◆ DATASET ENTRIES:
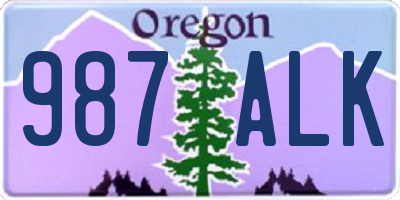 OR license plate 987ALK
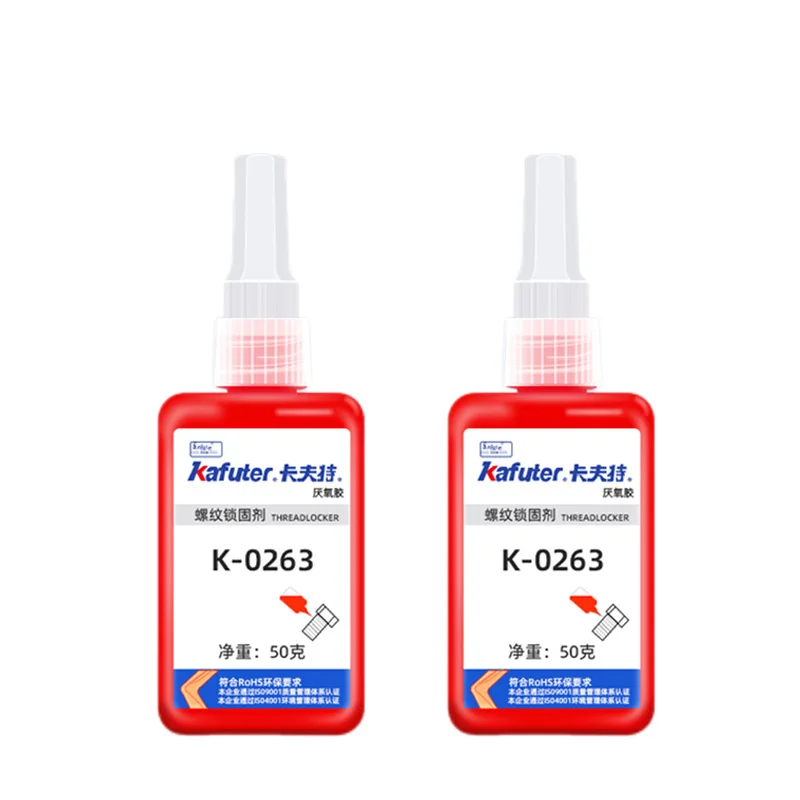 kafuter K-0263 Anaerobic Adhesive, Oil-Resistant Thread Locking, Non-Removable High-Strength Red Screw Glue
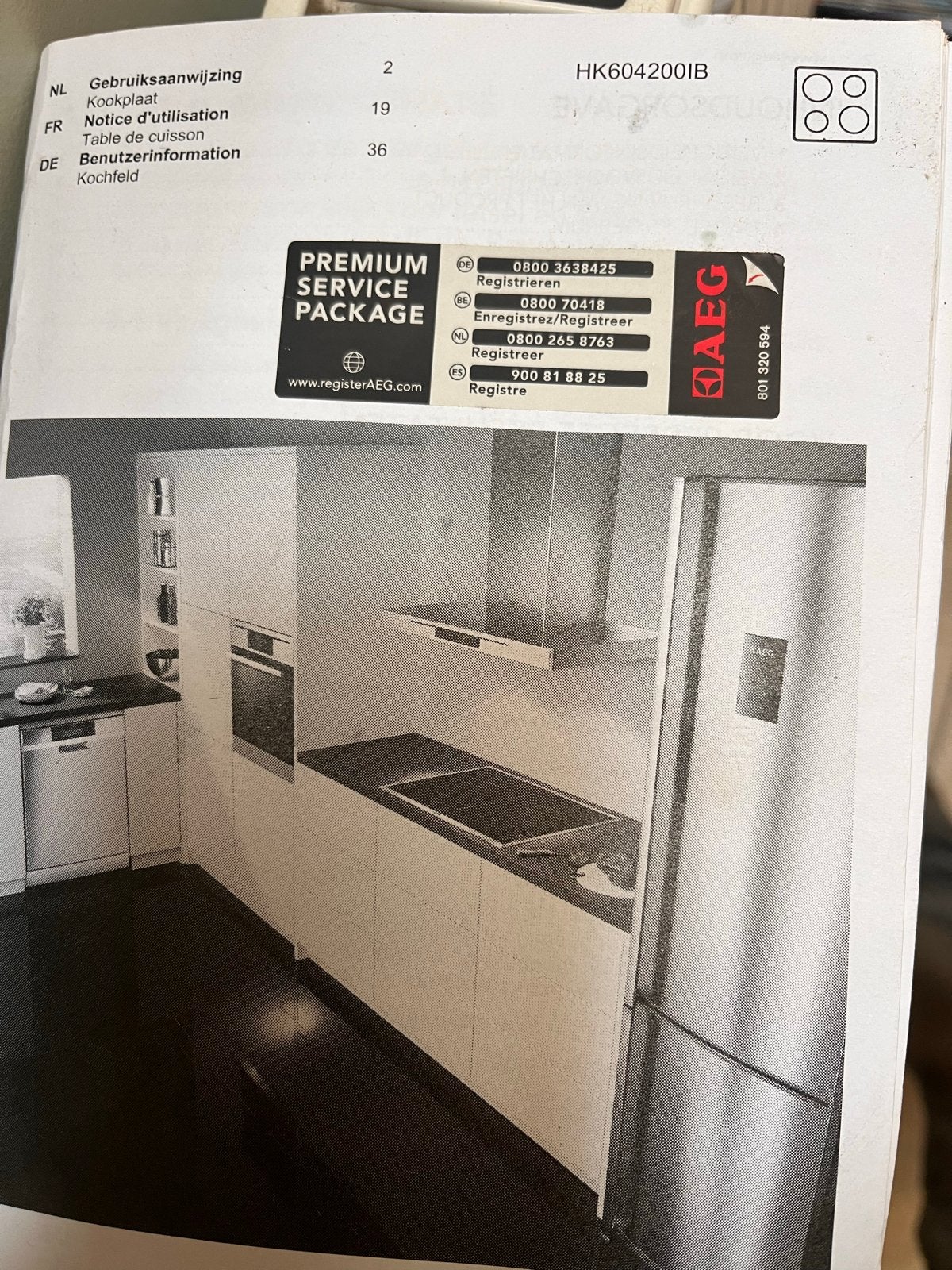 AEG HK604200IB Inductiekookplaat - Zo goed als nieuw, Witgoed en Apparatuur, Zo goed als nieuw, Energieklasse A of zuiniger, Inbouw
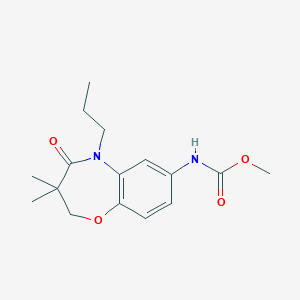 molecular formula C16H22N2O4 B2875800 Methyl (3,3-dimethyl-4-oxo-5-propyl-2,3,4,5-tetrahydrobenzo[b][1,4]oxazepin-7-yl)carbamate CAS No. 921864-63-3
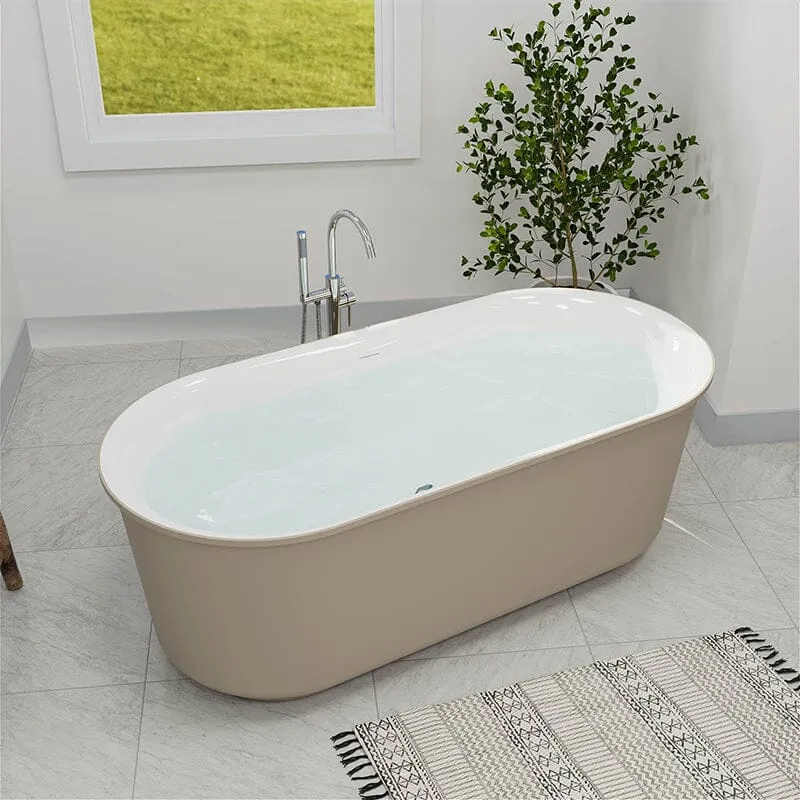 Mokleba 59" Oval Solid Surface Freestanding Soaking Tub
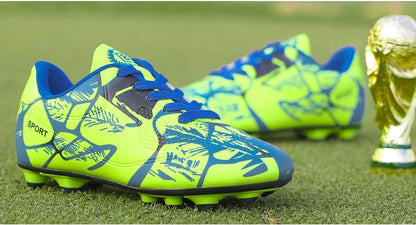 Men Soccer Shoes Fashion Printed Long Spike Children's Football Boots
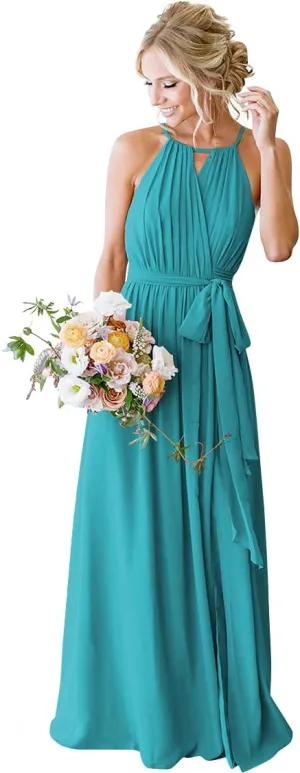 Women's Halter Chiffon Bridesmaid Dresses Long A-Line Pleated Evening Party Gown with Slit for Teens LB012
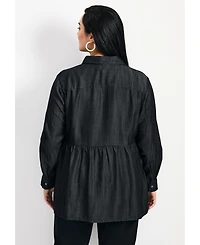 Avenue Women's Denim Tiered Shirt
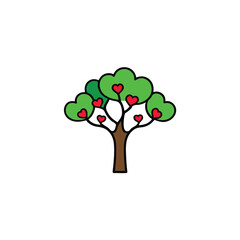 vector illustration of an love tree
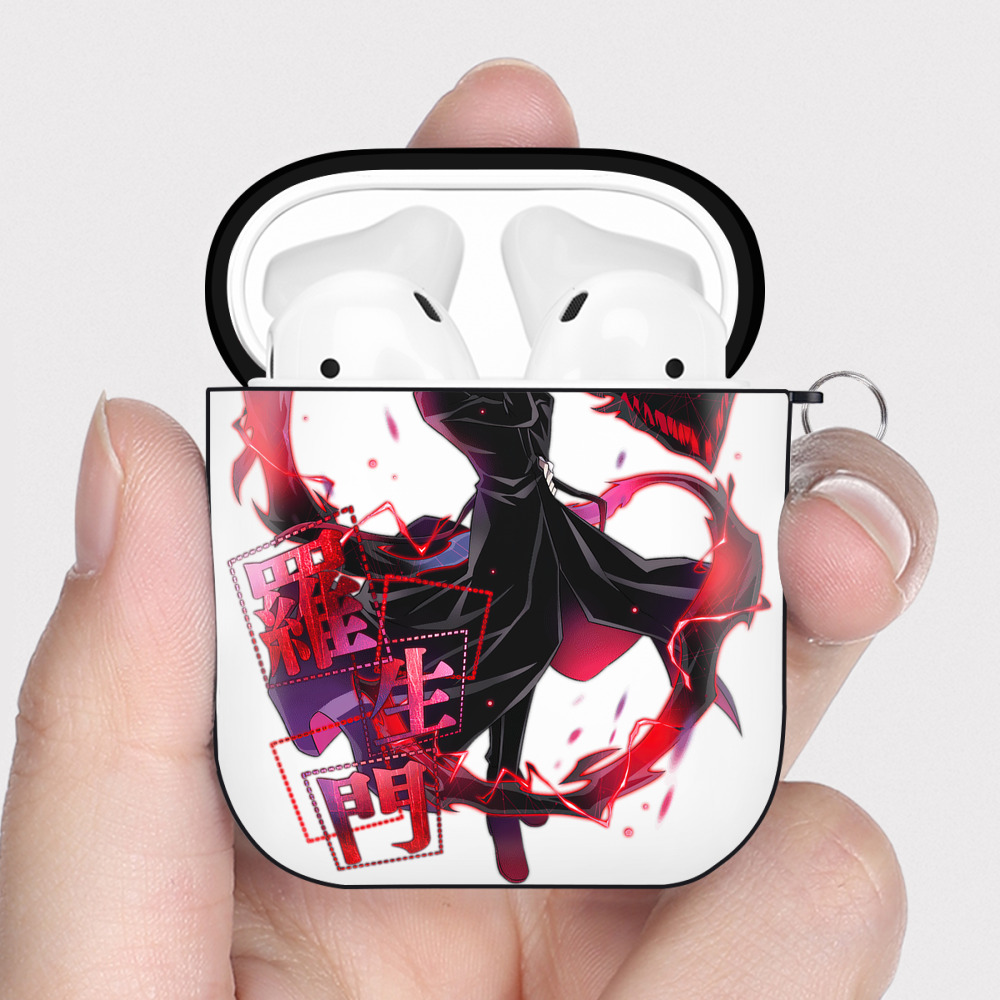 （画像用） 文豪ストレイドッグス Bungo Stray Dogs AirPods 第2世代保護ケース ハードシェル ブラック 耐衝撃・防指紋・カラビナ付き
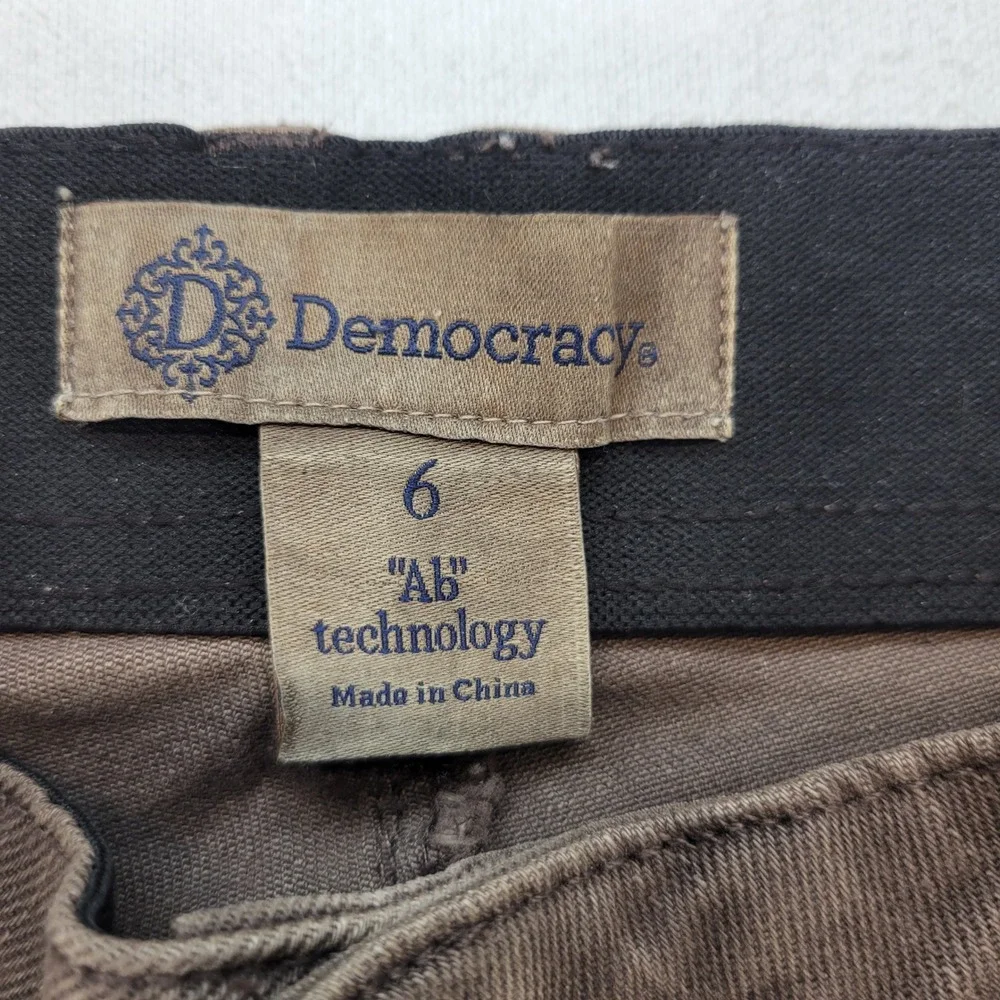 Democracy Jeans Womens 6 Brown Straight Leg Ab Technology Stretch Denim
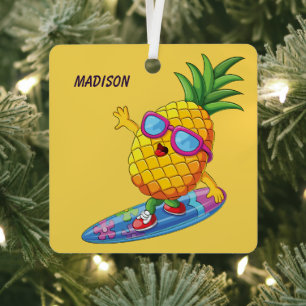 Custom Name Surfing Pineapple Metal Tree Decoration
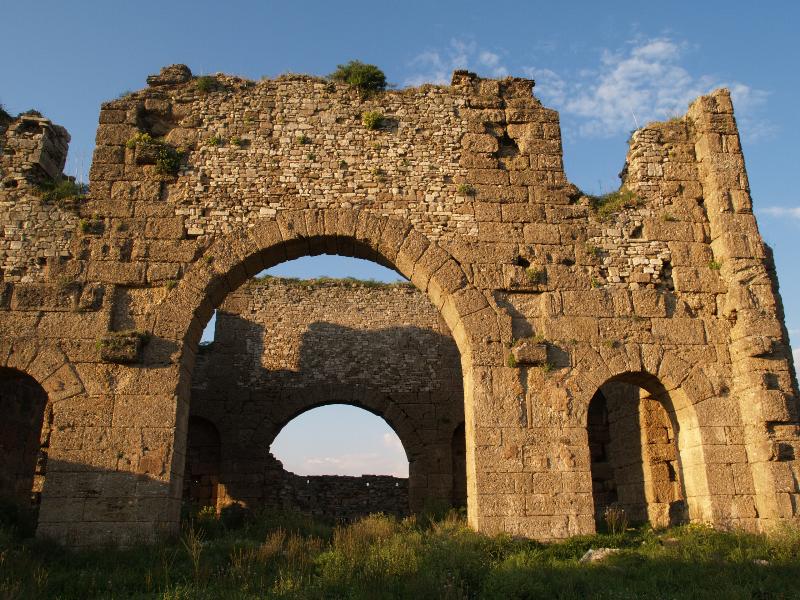 Aspendos (Belkis), Turkey: Basilica: wall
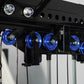 Black cable crossover machine with blue dual pulleys, chrome handles, and adjustable weight pegs on white background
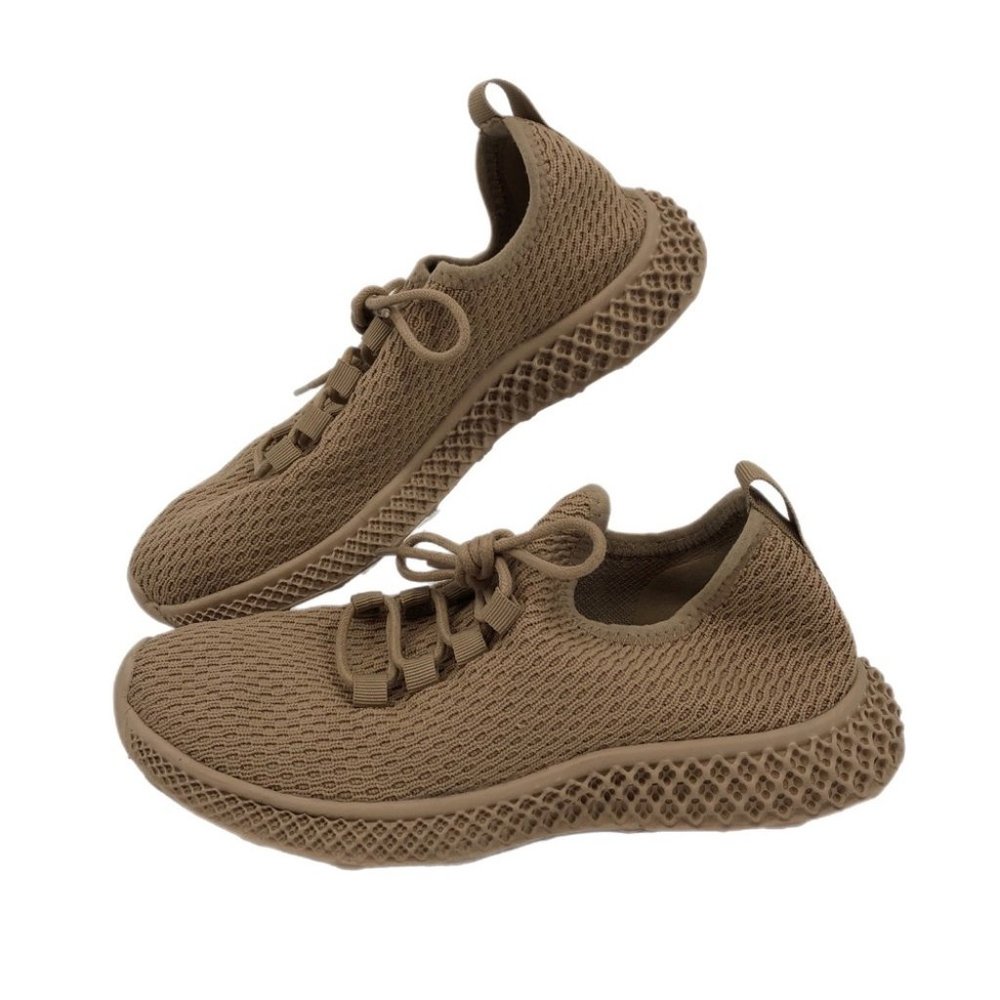 Urban Sport Cream & Tan Breathable Comfort Sneakers | Lace Up Closure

◆ PROBLEM TO WORK ON: Would you copy, exactly, each line from the start of the listing above through the line with "kafuter K-0263 Anaerobic", both ends included, but none of the pictures?

◆ PROBLEM SOLUTION:
 OR license plate 987ALK
 kafuter K-0263 Anaerobic Adhesive, Oil-Resistant Thread Locking, Non-Removable High-Strength Red Screw Glue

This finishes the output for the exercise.